Por Aldo Schiappacasse desde Venezuela.
Christopher Toselli, el arquero de la selección chilena sub 20, enfrenta hoy su día clave. Frente a los nigerianos, bajo el calor abrasador -suponemos- de Montreal, intentará batir una doble marca: entregar su valla invicta y clasificar junto a sus compañeros a semifinales, convirtiendo a Chile en uno de los cuatro equipos más poderosos de su categoría. Convertirse en figura, ser famoso antes de debutar en Primera, ganarle a todas las críticas.

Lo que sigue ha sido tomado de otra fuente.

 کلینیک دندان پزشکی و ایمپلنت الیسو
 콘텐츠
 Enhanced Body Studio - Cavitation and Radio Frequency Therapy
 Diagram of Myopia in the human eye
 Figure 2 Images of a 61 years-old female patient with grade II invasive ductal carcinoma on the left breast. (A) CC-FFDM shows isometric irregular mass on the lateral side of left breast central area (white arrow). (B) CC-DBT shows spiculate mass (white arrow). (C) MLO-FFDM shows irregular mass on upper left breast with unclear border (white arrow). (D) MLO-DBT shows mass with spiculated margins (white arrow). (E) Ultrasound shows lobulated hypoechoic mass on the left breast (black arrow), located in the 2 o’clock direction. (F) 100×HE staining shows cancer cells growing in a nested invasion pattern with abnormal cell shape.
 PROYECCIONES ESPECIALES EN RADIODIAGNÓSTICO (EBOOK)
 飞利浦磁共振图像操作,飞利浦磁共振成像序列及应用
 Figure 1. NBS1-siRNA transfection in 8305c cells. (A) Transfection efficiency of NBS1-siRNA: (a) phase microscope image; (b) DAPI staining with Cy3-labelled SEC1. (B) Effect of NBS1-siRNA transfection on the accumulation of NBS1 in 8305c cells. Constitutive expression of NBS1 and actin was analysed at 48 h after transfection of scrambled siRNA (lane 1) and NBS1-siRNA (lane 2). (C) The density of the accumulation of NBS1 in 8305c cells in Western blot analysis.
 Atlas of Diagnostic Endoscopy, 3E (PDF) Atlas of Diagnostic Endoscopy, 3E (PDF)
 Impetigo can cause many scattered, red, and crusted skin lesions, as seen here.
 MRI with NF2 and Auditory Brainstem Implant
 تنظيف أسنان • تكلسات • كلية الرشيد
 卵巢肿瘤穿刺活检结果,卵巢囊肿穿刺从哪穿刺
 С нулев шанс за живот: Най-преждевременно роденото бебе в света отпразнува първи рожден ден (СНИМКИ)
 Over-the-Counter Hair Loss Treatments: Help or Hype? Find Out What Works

Alfredo Asfura, dirigente de viejo cuño y puro en boca, antiguo conocedor de los pasillos de la Confederación, se enfundará en su mejor traje, pondrá su cara de hombre duro y marchará hacia el Estadio "Pachencho Romero" sabiendo que su misión es clave: sacar adelante sin problemas un partido que millones de personas estarán viendo en todo el mundo, con la certeza de que las dos potencias que se enfrentan deberán batallar a casi 40 grados Celsius y que desde las tribunas observará, complacido, Hugo Chávez, un hombre al que jamás le pasaría lo que a Lula: ser pifiado en su propia fiesta, amurrarse, negarse a cumplir con el protocolo y marcharse sin despedirse. Por una razón muy simple: los invitados a esta fiesta son en su inmensa mayoría chavistas que accedieron a una entrada gracias a la maquinaria chavista para tener una escenografía chavista. Simple. Asfura lo sabe, pero no por eso se tranquiliza y hoy, vigilante, seguirá desde el borde del campo las acciones preocupado de que nadie ingrese al campo, que las medallas estén preparadas, que los accesos para Blatter estén desocupados.

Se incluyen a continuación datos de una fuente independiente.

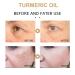 2 Pack Turmeric Dark Spot Corrector Serum - Natural Face Serum for Dark Spots Moisturizing & Repair (30ml) | Best Skin Care Solution - Buy Online on GoSupps.com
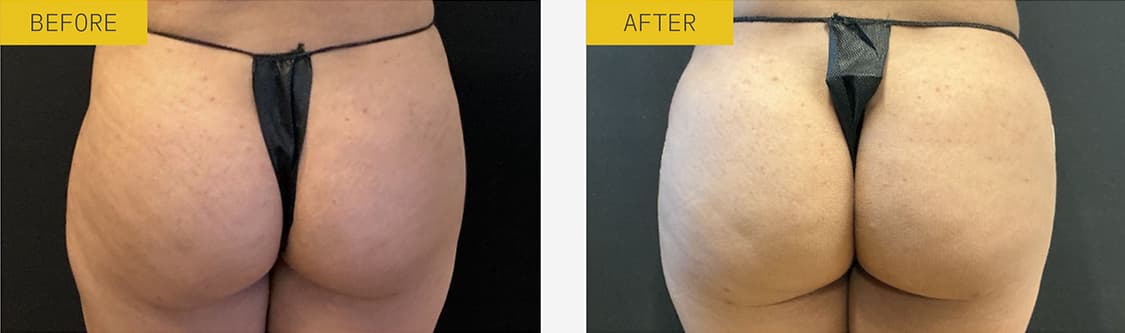 1 month post procedure, 12.5 CC alloClae to left hip dip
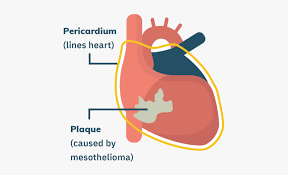 Percarditis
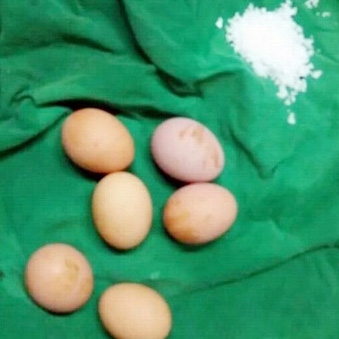 인천 한 산부인과 직원이 의료기기로 달걀을 삶은 사진을 SNS에 게재해 논란이 일고 있다. ⓒ페이스북 화면 캡쳐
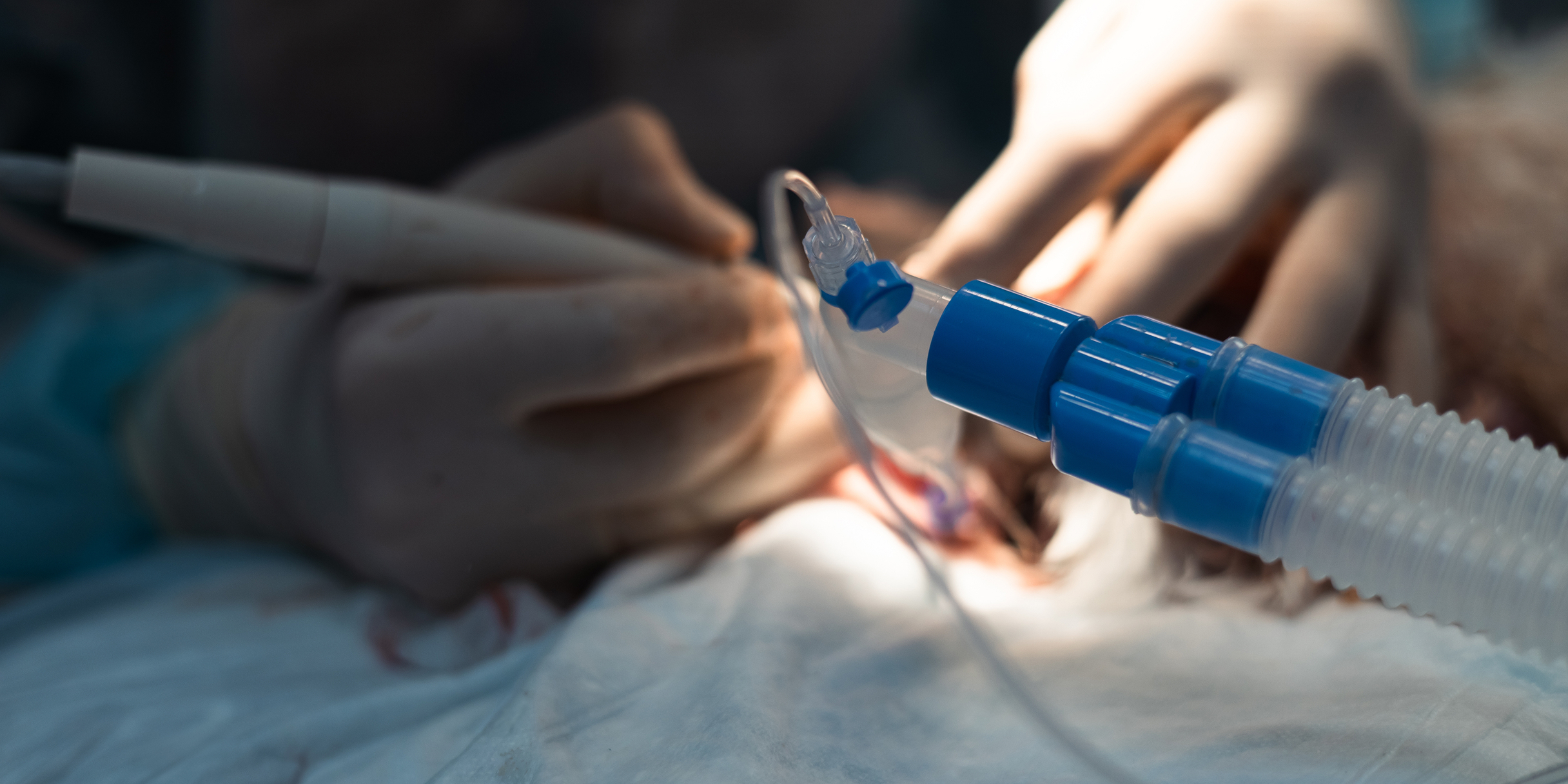 Zwei Hände in Operationshandschuhen halten ein chirurgisches Instrument über einem Patienten, während ein Schlauch mit blauen Verbindungen im Vordergrund sichtbar ist.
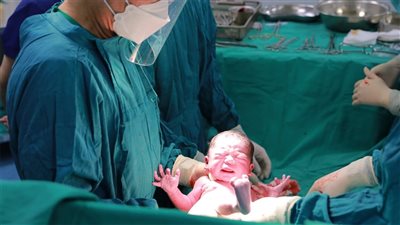 «الصحة»: مصر تسجل أعلى معدلات ولادة قيصرية في العالم | فيديو 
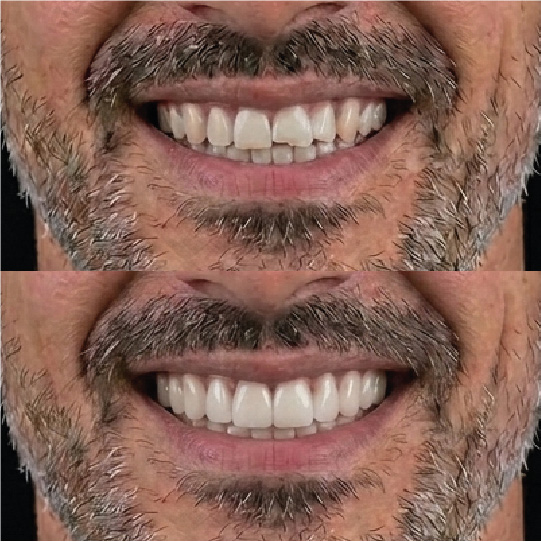 Porcelain Veneers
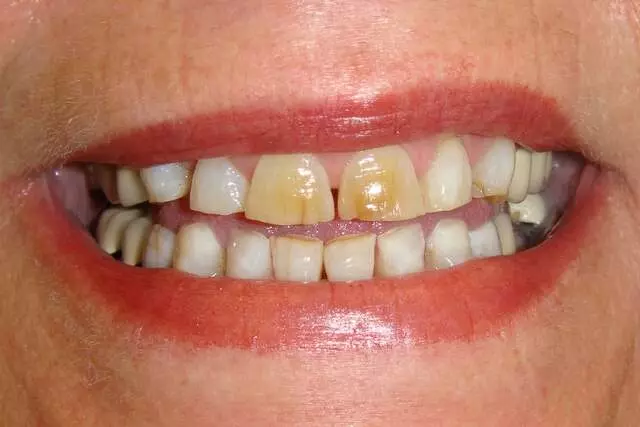 Active Dental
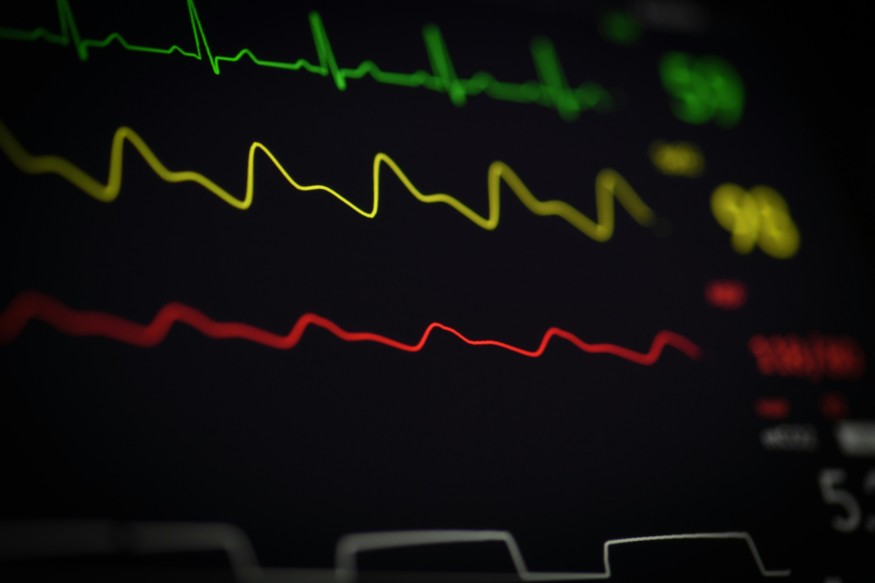 Monitor Displaying ECG Line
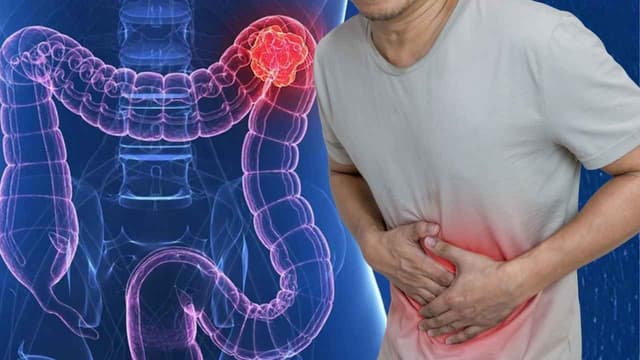 Quy trình tầm soát ung thư đại tràng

Harold Mayne-Nichols, en Santiago, revisará su agenda por enésima vez. Chequeará teléfonos, se aprontará para viajar a Buenos Aires. Se concentrará en el partido de las 14:15, porque tiene lista una maleta con ropa liviana para ir a Canadá. Son semifinales de un mundial, de esos que él organiza y supervisa y al que ahora llegaría como orgulloso presidente de una selección que lo hace olvidar las penas de la otra. ¿Bielsa vs. Basile? ¿Bianchi vs. Basile? ¿Borghi vs. Basile? Todos con B, en el superduelo del 13 de octubre por las clasificatorias, a eso de las cinco y cuarto en el Monumental de River. Harold lo sabe, y se debate entre la maleta de ropa gruesa y lapicera (Buenos Aires) o ropa liviana y dólares para el viático y los premios (Canadá). Y si llama Sulantay será tajante: no, si clasificamos no hay permiso para salir a festejar.
Lionel Messi espera en paz. Revisa con calma los diarios y sonríe cada vez que lee la comparación con Maradona. Hoy el Diego estará en la tribuna y le podrá ofrendar sus goles, sus arranques, el único título que el Pibe jamás pudo levantar. Ojalá con un golazo que pueda echarle en cara a Ronaldinho, un abrazo inmortal con Riquelme, Tévez, Crespo, Cambiasso y el resto. Messi es el delfín y hoy puede calzarse la corona de Príncipe por cuatro años, soñar que sigue en alza, que aún puede ser más, que es la esperanza del viejo Alfio para reverdecer los laureles. ¿Que importará el calor de las cinco de la tarde en Maracaibo al lado de la gloria que espera?
Dunga ya se miró al espejo. Las camisas sobrias no le gustan. El prefería de las su hija, la diseñadora, que valieron tantas bromas pesadas. Para hoy tiene una de tonos oscuros, como las otras, aunque habría preferido la de círculos. Ganarle a los argentinos siempre me gustó, piensa. Pero esta vez será especial: no sólo les ganará al más clásico de sus rivales, sino también a todos sus enemigos. Y al igual que en aquella final del 94 en Estados Unidos, sabrá que el éxtasis del triunfo siempre es más dulce que la lisonja por el jogo bonito.
Es un domingo cualquiera. Un domingo de fútbol. Un domingo donde la vida de mucha gente depende del movimiento impredecible, leve, mágico de un balón. Un domingo irrepetible.